The safe integration of Unmanned Aerial Vehicles (UAVs) into U-space requires far more than conventional simulations. It demands high-fidelity Digital Twins capable of accurately modeling wireless propagation physics, AI-based sensing, and autonomous flight dynamics in complex urban environments. Within the framework of the EUSOME project, the High-Performance Computing infrastructure ARIS, operated by GRNET, plays a central role in enabling this advanced research.
The scientific and computational requirements of the EUSOME models are exceptionally demanding. Ultra-massive MIMO propagation modeling involves handling approximately 38 million unknowns, while UAV trajectory optimization requires managing more than 2 million constraints per scenario. Such complexity makes high-performance computing essential, positioning ARIS as a key enabler of large-scale simulations and AI-driven experimentation.
By leveraging ARIS Fat Nodes equipped with 512GB RAM and the A100 GPU partition, researchers are able to scale their applications efficiently across multiple computing nodes. The infrastructure supports iterative numerical solvers, memory-efficient structured representations, and distributed workloads, ensuring stable and high-performance execution of computationally intensive workflows.
The capabilities provided by HPC ARIS go far beyond what standard computing systems can offer. The infrastructure enables terabyte-per-second scale aggregate bandwidth across nodes, stable training of high-resolution multimodal AI models combining vision and radar data up to 1024×1024 resolution, and large-scale Monte Carlo validation of autonomous UAV flight safety. These features significantly accelerate the transition from theoretical modeling to real-world validation.
The data scale of the workflow further highlights the importance of high-performance computing. Input datasets include 3D urban meshes for ray tracing and high-resolution multimodal sensor data, while the ray tracing benchmarking phase alone can generate up to 5 TB of data, with production targets exceeding 50 TB. AI training involves multiple runs of 100,000 steps each, requiring repeated access to large datasets, while flight optimization evaluates up to 100,000 UAV scenarios, each satisfying more than 2 million constraints.
The outcome of this HPC-enabled research is the development of high-fidelity UAV Digital Twins capable of validating sensing systems, communication performance, and flight safety in realistic urban airspaces. Through the computational power of ARIS, researchers can test and optimize autonomous UAV operations with a level of accuracy and scale that was previously unattainable.

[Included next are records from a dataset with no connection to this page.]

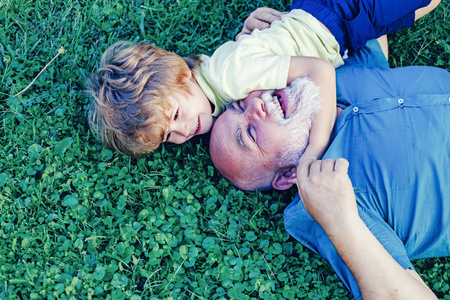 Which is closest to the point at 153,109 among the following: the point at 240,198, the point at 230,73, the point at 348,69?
the point at 230,73

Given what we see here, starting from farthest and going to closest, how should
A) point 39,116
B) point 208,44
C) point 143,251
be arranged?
point 208,44 < point 39,116 < point 143,251

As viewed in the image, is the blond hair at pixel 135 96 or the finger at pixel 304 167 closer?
the finger at pixel 304 167

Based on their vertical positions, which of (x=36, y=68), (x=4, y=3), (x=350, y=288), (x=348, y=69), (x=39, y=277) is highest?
(x=348, y=69)

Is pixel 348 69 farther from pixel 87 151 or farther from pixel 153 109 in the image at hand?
pixel 87 151

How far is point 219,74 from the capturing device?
3.43 metres

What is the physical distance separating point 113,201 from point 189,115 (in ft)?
2.98

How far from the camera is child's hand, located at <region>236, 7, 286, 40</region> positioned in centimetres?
402

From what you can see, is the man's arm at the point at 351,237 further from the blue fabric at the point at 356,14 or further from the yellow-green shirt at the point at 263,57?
the blue fabric at the point at 356,14

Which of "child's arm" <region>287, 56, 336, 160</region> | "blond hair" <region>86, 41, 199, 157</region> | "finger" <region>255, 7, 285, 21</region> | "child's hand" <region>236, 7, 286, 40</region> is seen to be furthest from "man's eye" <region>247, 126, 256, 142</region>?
"finger" <region>255, 7, 285, 21</region>

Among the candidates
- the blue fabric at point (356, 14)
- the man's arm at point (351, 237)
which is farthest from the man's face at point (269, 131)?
the blue fabric at point (356, 14)

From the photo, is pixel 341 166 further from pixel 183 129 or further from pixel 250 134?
pixel 183 129

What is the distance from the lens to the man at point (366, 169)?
9.23ft

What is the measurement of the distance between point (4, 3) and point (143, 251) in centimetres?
295

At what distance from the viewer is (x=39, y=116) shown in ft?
12.7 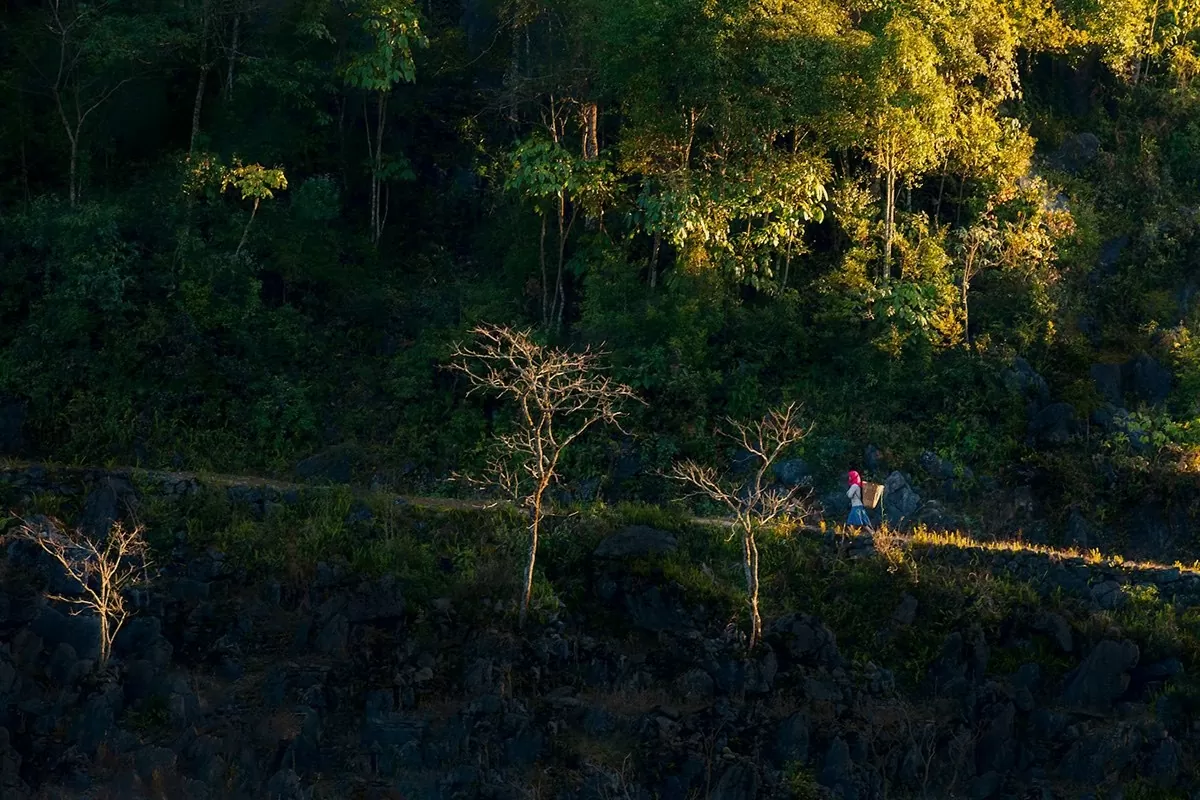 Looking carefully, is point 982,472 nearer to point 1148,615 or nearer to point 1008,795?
point 1148,615

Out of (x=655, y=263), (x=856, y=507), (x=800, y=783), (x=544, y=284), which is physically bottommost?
(x=800, y=783)

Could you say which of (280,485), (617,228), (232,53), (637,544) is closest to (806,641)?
(637,544)

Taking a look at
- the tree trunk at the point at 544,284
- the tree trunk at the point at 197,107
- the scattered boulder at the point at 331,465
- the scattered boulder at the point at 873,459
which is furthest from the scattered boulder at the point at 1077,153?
the tree trunk at the point at 197,107

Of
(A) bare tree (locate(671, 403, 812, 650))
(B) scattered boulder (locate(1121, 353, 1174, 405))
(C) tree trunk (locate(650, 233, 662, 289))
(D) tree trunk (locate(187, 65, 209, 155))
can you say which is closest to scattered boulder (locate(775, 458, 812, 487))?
(A) bare tree (locate(671, 403, 812, 650))

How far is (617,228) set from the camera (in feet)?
103

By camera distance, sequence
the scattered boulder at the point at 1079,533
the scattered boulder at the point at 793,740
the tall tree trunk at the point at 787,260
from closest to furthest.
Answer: the scattered boulder at the point at 793,740
the scattered boulder at the point at 1079,533
the tall tree trunk at the point at 787,260

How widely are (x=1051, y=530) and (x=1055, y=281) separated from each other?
19.9 ft

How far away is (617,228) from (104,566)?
12954 mm

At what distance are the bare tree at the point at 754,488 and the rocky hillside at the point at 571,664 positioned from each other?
54cm

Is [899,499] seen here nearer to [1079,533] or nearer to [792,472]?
[792,472]

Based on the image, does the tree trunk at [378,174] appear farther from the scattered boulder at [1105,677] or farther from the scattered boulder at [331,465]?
the scattered boulder at [1105,677]

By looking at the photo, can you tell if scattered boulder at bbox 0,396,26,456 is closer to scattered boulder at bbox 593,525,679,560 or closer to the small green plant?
scattered boulder at bbox 593,525,679,560

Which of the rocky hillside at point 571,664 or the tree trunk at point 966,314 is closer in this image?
the rocky hillside at point 571,664

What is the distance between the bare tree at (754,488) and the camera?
23.9 m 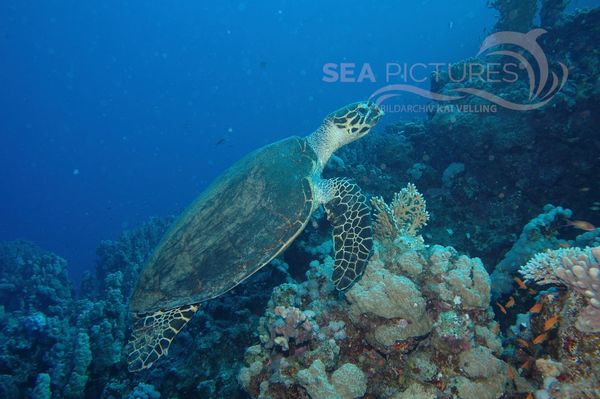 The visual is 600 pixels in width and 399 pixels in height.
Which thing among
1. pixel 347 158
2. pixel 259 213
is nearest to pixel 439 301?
pixel 259 213

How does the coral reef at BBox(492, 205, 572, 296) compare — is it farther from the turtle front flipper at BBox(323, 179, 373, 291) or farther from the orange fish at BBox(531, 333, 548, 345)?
the turtle front flipper at BBox(323, 179, 373, 291)

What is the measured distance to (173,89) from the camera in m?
127

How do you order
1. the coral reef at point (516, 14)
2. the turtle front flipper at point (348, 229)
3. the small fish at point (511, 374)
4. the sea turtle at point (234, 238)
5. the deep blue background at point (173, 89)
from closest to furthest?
the small fish at point (511, 374), the turtle front flipper at point (348, 229), the sea turtle at point (234, 238), the coral reef at point (516, 14), the deep blue background at point (173, 89)

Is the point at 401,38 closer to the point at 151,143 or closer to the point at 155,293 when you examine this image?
the point at 151,143

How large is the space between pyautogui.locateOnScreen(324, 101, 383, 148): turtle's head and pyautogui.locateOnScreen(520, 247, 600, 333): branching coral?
13.2 ft

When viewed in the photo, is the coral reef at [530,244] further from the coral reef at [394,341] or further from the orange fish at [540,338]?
the orange fish at [540,338]

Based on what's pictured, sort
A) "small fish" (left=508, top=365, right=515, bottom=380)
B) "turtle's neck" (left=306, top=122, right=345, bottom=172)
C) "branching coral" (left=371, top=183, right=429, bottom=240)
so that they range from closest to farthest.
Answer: "small fish" (left=508, top=365, right=515, bottom=380)
"branching coral" (left=371, top=183, right=429, bottom=240)
"turtle's neck" (left=306, top=122, right=345, bottom=172)

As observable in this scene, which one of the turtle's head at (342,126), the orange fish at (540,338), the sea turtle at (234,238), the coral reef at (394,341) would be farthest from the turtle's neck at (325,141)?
the orange fish at (540,338)

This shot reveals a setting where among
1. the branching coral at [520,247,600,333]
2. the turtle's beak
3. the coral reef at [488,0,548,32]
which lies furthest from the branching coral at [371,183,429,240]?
the coral reef at [488,0,548,32]

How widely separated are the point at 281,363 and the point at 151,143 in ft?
394

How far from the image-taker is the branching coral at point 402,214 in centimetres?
461

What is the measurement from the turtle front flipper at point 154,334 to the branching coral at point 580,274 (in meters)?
4.37

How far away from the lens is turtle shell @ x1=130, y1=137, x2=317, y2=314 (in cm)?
437

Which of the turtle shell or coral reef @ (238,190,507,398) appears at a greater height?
the turtle shell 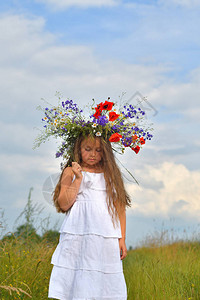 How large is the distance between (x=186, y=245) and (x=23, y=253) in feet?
19.4

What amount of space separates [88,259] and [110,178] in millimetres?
989

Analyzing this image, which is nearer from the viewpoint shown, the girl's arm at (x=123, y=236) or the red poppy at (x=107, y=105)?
the girl's arm at (x=123, y=236)

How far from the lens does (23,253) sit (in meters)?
6.36

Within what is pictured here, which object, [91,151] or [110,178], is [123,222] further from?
[91,151]

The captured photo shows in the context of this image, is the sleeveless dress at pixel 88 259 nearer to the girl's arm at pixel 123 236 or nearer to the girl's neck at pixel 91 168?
the girl's arm at pixel 123 236

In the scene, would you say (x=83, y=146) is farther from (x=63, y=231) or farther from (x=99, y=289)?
(x=99, y=289)

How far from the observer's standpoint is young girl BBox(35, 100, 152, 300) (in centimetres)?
415

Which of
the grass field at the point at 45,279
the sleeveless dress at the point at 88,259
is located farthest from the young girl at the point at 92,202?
the grass field at the point at 45,279


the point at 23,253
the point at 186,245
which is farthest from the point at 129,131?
the point at 186,245

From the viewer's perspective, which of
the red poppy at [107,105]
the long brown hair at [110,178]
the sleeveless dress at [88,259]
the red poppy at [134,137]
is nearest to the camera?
the sleeveless dress at [88,259]

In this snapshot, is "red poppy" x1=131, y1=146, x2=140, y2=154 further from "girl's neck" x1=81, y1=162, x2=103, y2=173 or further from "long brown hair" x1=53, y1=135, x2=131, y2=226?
"girl's neck" x1=81, y1=162, x2=103, y2=173

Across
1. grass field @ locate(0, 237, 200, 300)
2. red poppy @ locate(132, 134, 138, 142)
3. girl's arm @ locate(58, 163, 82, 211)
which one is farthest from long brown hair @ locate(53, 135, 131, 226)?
grass field @ locate(0, 237, 200, 300)

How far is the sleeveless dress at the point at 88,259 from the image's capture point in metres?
4.08

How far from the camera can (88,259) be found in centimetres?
412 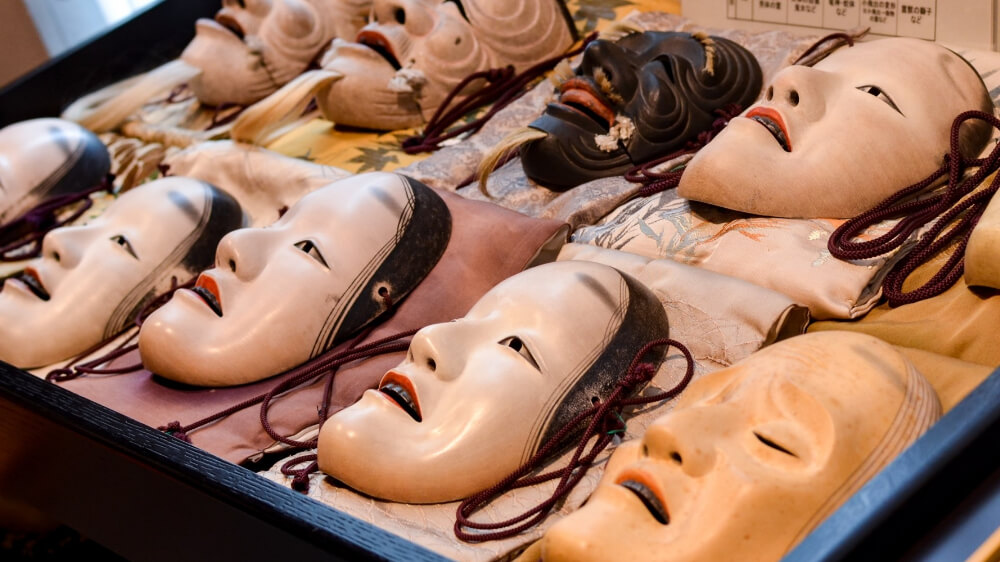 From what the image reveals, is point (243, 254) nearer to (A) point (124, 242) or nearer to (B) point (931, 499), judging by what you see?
(A) point (124, 242)

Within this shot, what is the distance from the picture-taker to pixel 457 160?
2.04m

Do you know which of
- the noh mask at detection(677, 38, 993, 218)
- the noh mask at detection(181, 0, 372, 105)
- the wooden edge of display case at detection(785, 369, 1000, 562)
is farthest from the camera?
the noh mask at detection(181, 0, 372, 105)

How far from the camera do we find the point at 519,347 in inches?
47.7

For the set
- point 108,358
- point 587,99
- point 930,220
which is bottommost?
point 108,358

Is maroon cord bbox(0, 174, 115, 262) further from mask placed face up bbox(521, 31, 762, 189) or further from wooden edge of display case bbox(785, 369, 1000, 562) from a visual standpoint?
wooden edge of display case bbox(785, 369, 1000, 562)

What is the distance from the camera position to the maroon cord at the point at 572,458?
44.4 inches

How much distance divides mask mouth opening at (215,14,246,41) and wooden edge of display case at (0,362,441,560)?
1.41m

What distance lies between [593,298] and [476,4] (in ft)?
3.81

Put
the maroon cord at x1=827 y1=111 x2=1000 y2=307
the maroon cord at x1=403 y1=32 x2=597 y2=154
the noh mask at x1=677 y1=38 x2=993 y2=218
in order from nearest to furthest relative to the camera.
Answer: the maroon cord at x1=827 y1=111 x2=1000 y2=307, the noh mask at x1=677 y1=38 x2=993 y2=218, the maroon cord at x1=403 y1=32 x2=597 y2=154

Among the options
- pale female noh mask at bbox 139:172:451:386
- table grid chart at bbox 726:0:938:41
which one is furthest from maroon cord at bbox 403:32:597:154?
pale female noh mask at bbox 139:172:451:386


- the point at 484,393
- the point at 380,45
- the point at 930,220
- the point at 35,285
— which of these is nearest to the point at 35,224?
the point at 35,285

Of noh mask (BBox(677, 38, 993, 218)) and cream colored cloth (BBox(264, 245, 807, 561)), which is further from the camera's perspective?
noh mask (BBox(677, 38, 993, 218))

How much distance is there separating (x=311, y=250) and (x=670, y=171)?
649 millimetres

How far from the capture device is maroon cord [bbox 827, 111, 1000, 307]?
4.30 feet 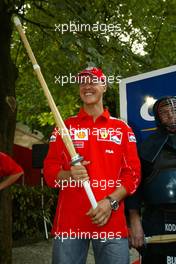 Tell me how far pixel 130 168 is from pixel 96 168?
0.78ft

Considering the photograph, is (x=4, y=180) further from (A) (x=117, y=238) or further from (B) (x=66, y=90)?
(B) (x=66, y=90)

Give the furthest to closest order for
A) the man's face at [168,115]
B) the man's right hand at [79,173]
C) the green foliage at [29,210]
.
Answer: the green foliage at [29,210] → the man's face at [168,115] → the man's right hand at [79,173]

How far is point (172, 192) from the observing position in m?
3.10

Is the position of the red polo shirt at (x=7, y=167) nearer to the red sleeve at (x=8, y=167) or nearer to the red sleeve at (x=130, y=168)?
the red sleeve at (x=8, y=167)

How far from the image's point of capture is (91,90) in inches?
123

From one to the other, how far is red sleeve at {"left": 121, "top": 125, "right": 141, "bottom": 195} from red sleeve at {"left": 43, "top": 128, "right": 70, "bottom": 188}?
0.39 metres

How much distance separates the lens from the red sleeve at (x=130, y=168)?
2996 mm

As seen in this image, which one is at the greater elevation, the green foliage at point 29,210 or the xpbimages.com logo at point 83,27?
the xpbimages.com logo at point 83,27

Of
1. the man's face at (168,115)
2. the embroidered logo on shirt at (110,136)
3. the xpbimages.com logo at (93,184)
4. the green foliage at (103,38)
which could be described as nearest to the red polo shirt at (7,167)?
the green foliage at (103,38)

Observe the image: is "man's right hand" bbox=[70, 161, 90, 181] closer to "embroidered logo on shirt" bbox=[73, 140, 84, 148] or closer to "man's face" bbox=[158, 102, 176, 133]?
"embroidered logo on shirt" bbox=[73, 140, 84, 148]

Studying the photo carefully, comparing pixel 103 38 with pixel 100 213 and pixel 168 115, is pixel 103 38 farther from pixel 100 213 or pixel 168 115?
pixel 100 213

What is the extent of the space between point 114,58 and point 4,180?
230cm

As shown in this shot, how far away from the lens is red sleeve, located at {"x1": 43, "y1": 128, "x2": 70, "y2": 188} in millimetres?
3012

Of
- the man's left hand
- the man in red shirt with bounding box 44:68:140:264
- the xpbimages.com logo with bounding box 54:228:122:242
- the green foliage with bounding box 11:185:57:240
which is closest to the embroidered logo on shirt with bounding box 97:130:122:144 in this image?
the man in red shirt with bounding box 44:68:140:264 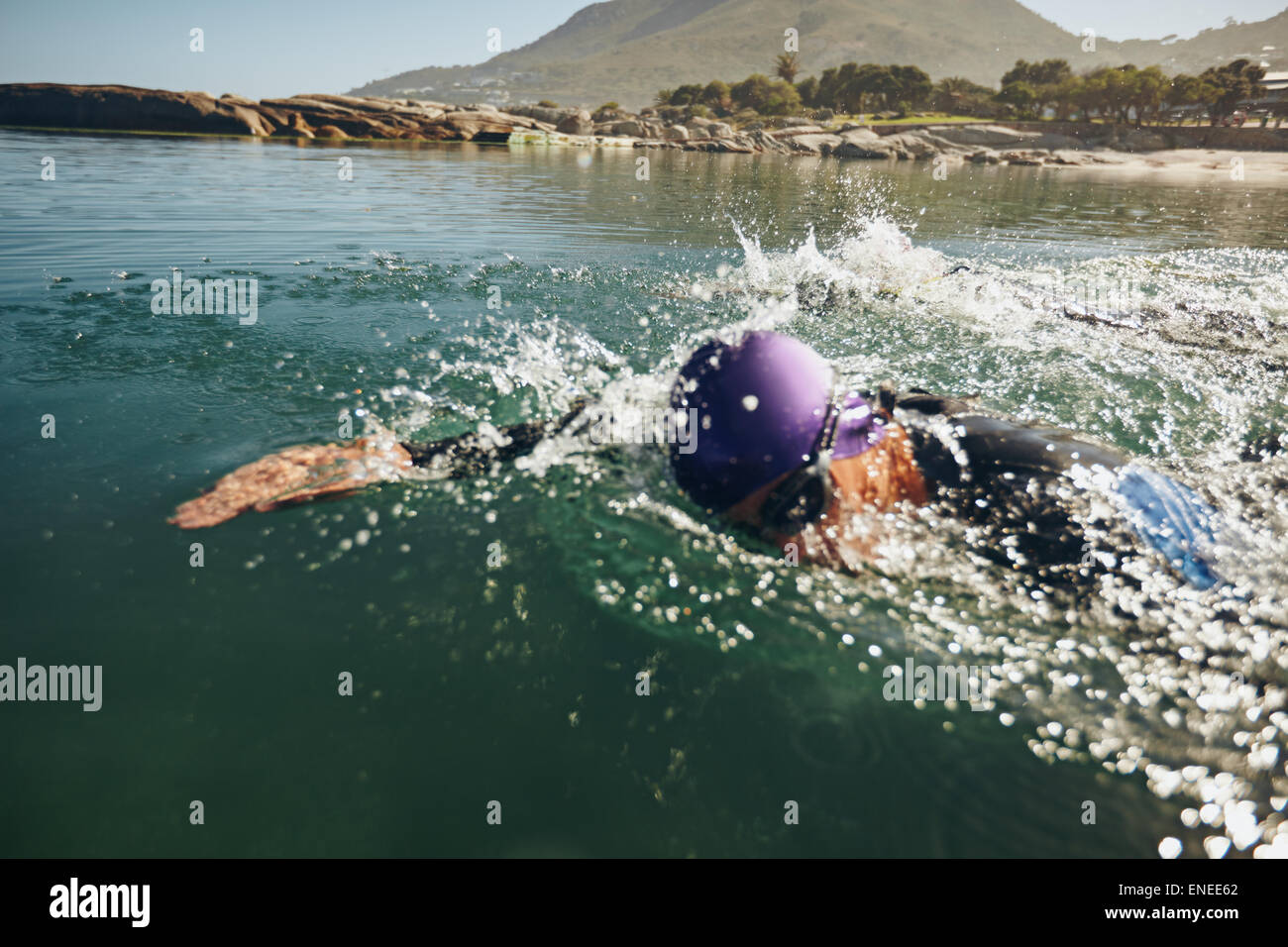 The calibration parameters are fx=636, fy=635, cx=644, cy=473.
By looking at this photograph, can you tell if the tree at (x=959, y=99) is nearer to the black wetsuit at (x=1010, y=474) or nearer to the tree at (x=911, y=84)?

By supporting the EUSOME project, GRNET’s HPC ARIS infrastructure demonstrates the strategic importance of national supercomputing facilities in advancing European research and innovation. The platform serves as a critical bridge between advanced theoretical models and real-world autonomous UAV deployment, reinforcing the role of high-performance computing in shaping the future of safe and reliable urban air mobility.